__What you are asked to do__
Please restate each entry word for word.

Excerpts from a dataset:
⁂
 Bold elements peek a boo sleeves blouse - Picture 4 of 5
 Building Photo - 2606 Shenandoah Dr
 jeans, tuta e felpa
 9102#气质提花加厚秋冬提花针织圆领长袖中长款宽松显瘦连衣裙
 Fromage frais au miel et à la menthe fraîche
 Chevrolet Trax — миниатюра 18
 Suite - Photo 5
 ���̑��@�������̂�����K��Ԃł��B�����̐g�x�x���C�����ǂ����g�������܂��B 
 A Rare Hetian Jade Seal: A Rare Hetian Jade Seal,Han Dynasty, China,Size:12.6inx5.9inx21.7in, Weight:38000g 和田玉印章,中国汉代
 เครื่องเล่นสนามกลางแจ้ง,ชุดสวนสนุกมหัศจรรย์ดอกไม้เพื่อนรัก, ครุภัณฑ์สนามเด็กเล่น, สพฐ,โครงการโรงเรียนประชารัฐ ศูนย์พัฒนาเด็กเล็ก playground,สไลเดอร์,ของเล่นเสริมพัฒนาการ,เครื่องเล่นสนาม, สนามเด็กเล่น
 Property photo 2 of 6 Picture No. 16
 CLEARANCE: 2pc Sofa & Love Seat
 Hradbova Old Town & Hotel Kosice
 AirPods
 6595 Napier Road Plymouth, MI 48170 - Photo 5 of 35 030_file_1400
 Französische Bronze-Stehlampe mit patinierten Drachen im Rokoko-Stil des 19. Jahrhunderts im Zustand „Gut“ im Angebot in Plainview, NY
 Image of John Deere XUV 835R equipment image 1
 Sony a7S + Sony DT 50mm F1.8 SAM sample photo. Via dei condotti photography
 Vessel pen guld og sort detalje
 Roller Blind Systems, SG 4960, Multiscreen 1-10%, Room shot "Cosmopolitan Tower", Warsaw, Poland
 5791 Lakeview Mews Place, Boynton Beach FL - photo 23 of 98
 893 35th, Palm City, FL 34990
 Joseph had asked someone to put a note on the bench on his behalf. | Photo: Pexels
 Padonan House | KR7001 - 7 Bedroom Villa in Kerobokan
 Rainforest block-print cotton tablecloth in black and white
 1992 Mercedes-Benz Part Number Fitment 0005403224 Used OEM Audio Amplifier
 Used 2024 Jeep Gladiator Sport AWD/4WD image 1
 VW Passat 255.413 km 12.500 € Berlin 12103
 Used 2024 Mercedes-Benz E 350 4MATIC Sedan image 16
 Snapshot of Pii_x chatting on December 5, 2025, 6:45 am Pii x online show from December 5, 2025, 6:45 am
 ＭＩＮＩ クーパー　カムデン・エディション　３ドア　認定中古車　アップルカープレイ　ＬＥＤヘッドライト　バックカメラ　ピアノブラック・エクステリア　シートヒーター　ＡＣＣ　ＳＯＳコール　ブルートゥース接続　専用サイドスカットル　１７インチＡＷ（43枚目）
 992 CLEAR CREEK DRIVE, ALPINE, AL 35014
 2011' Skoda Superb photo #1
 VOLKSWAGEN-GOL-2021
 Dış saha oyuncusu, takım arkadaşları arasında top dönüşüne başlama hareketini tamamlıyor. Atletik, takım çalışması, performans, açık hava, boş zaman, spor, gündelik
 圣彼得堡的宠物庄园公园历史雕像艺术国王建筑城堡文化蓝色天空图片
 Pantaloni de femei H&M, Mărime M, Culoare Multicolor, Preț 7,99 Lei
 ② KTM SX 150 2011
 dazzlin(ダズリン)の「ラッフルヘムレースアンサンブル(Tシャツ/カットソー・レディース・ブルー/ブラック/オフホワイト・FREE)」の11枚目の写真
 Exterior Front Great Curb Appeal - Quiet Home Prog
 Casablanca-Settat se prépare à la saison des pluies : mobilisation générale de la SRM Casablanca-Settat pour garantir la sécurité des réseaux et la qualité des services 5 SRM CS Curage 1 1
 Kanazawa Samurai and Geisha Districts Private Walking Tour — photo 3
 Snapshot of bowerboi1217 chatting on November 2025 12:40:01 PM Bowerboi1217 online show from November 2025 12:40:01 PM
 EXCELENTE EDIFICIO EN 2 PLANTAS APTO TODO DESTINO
⁂
__Written response__
 Bold elements peek a boo sleeves blouse - Picture 4 of 5
 Building Photo - 2606 Shenandoah Dr
 jeans, tuta e felpa
 9102#气质提花加厚秋冬提花针织圆领长袖中长款宽松显瘦连衣裙
 Fromage frais au miel et à la menthe fraîche
 Chevrolet Trax — миниатюра 18
 Suite - Photo 5
 ���̑��@�������̂�����K��Ԃł��B�����̐g�x�x���C�����ǂ����g�������܂��B 
 A Rare Hetian Jade Seal: A Rare Hetian Jade Seal,Han Dynasty, China,Size:12.6inx5.9inx21.7in, Weight:38000g 和田玉印章,中国汉代
 เครื่องเล่นสนามกลางแจ้ง,ชุดสวนสนุกมหัศจรรย์ดอกไม้เพื่อนรัก, ครุภัณฑ์สนามเด็กเล่น, สพฐ,โครงการโรงเรียนประชารัฐ ศูนย์พัฒนาเด็กเล็ก playground,สไลเดอร์,ของเล่นเสริมพัฒนาการ,เครื่องเล่นสนาม, สนามเด็กเล่น
 Property photo 2 of 6 Picture No. 16
 CLEARANCE: 2pc Sofa & Love Seat
 Hradbova Old Town & Hotel Kosice
 AirPods
 6595 Napier Road Plymouth, MI 48170 - Photo 5 of 35 030_file_1400
 Französische Bronze-Stehlampe mit patinierten Drachen im Rokoko-Stil des 19. Jahrhunderts im Zustand „Gut“ im Angebot in Plainview, NY
 Image of John Deere XUV 835R equipment image 1
 Sony a7S + Sony DT 50mm F1.8 SAM sample photo. Via dei condotti photography
 Vessel pen guld og sort detalje
 Roller Blind Systems, SG 4960, Multiscreen 1-10%, Room shot "Cosmopolitan Tower", Warsaw, Poland
 5791 Lakeview Mews Place, Boynton Beach FL - photo 23 of 98
 893 35th, Palm City, FL 34990
 Joseph had asked someone to put a note on the bench on his behalf. | Photo: Pexels
 Padonan House | KR7001 - 7 Bedroom Villa in Kerobokan
 Rainforest block-print cotton tablecloth in black and white
 1992 Mercedes-Benz Part Number Fitment 0005403224 Used OEM Audio Amplifier
 Used 2024 Jeep Gladiator Sport AWD/4WD image 1
 VW Passat 255.413 km 12.500 € Berlin 12103
 Used 2024 Mercedes-Benz E 350 4MATIC Sedan image 16
 Snapshot of Pii_x chatting on December 5, 2025, 6:45 am Pii x online show from December 5, 2025, 6:45 am
 ＭＩＮＩ クーパー　カムデン・エディション　３ドア　認定中古車　アップルカープレイ　ＬＥＤヘッドライト　バックカメラ　ピアノブラック・エクステリア　シートヒーター　ＡＣＣ　ＳＯＳコール　ブルートゥース接続　専用サイドスカットル　１７インチＡＷ（43枚目）
 992 CLEAR CREEK DRIVE, ALPINE, AL 35014
 2011' Skoda Superb photo #1
 VOLKSWAGEN-GOL-2021
 Dış saha oyuncusu, takım arkadaşları arasında top dönüşüne başlama hareketini tamamlıyor. Atletik, takım çalışması, performans, açık hava, boş zaman, spor, gündelik
 圣彼得堡的宠物庄园公园历史雕像艺术国王建筑城堡文化蓝色天空图片
 Pantaloni de femei H&M, Mărime M, Culoare Multicolor, Preț 7,99 Lei
 ② KTM SX 150 2011
 dazzlin(ダズリン)の「ラッフルヘムレースアンサンブル(Tシャツ/カットソー・レディース・ブルー/ブラック/オフホワイト・FREE)」の11枚目の写真
 Exterior Front Great Curb Appeal - Quiet Home Prog
 Casablanca-Settat se prépare à la saison des pluies : mobilisation générale de la SRM Casablanca-Settat pour garantir la sécurité des réseaux et la qualité des services 5 SRM CS Curage 1 1
 Kanazawa Samurai and Geisha Districts Private Walking Tour — photo 3
 Snapshot of bowerboi1217 chatting on November 2025 12:40:01 PM Bowerboi1217 online show from November 2025 12:40:01 PM
 EXCELENTE EDIFICIO EN 2 PLANTAS APTO TODO DESTINO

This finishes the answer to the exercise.